◆ What you have to do
Could you return each entry below exactly as written, minus any pictures?
******************************
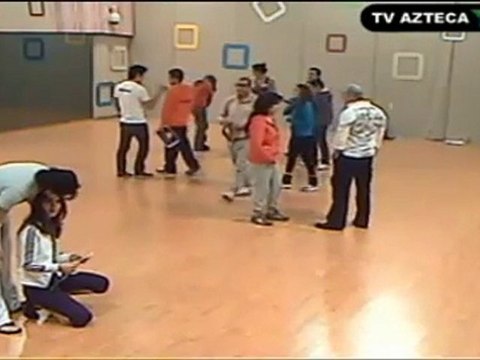 Johnny y Esme en la duela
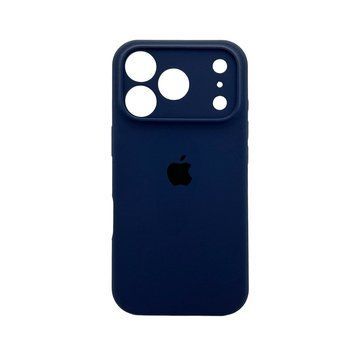 Чохол для смартфона Silicone Full Case AA Camera Protect for Apple iPhone 17 Pro Max 39,Navy Blue 906538377 фото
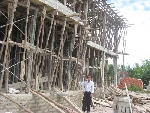 Quảng Công: Người dân hiến đất xây trường.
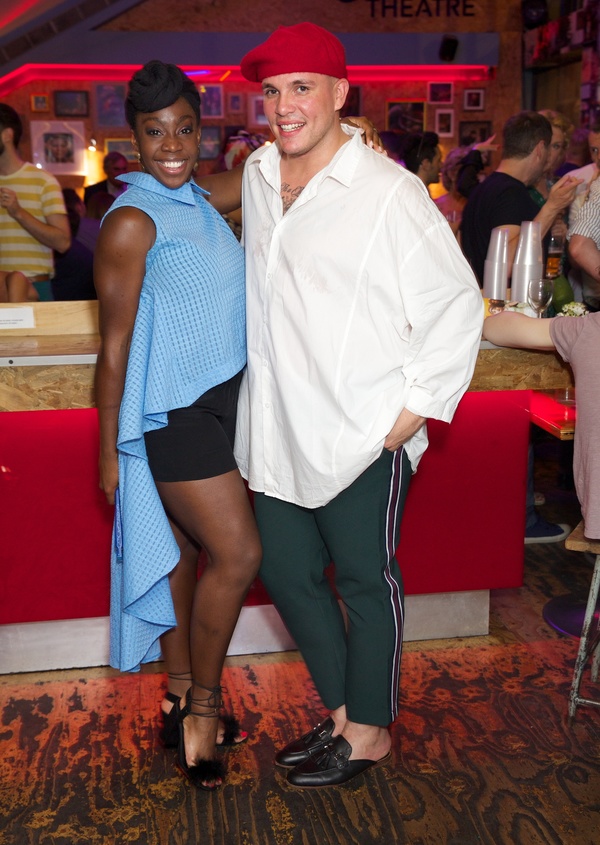 Photo Flash: Inside Gala Night For THE VIEW UPSTAIRS Image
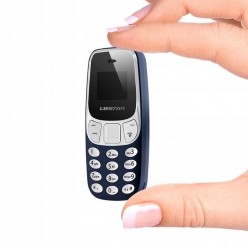 Mini Telefon DualSIM Bluetooth Zmieniający Głos 3 Damski Męski Dziecięcy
******************************
◆ Solution to the exercise
 Johnny y Esme en la duela
 Чохол для смартфона Silicone Full Case AA Camera Protect for Apple iPhone 17 Pro Max 39,Navy Blue 906538377 фото
 Quảng Công: Người dân hiến đất xây trường.
 Photo Flash: Inside Gala Night For THE VIEW UPSTAIRS Image
 Mini Telefon DualSIM Bluetooth Zmieniający Głos 3 Damski Męski Dziecięcy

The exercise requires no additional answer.